Option B seems dumb, because I’m almost done breastfeeding. I suppose I could justify the purchase by saying “I’ll use these with the next kid”. But I really would rather save the money.
Option C means I’d have to pick up the kid from daycare and take him home with me, since driving back to daycare later this afternoon makes zero sense. But having him home with me while I’m working AND have no fuse seems like an irresponsible choice.
So Option A it is!
Once I arrived at that conclusion, I realized I might need breast pads for leaks. No problem, I thought. I put those in my shirt this morning, since I wanted to be prepared for the longer stretches between pumps anyway.
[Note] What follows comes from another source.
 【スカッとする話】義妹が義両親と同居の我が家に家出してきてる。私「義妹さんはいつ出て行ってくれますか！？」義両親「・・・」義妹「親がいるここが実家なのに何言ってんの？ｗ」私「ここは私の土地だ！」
No, Carolyn. You did not put in breast pads. You put in breast pad. As in one, singular, solitary breast pad. Where is the other breast pad, you might wonder? Probably next to my sink, where I left it when my oblivious, tired self wandered away this morning to chase after the tiny tyrant.
Half protected and breasts bulging does not sound safe. ENTER: panty liners! I now have one stuck to the inside of my nursing tank, and I feel ridiculous. But also clever.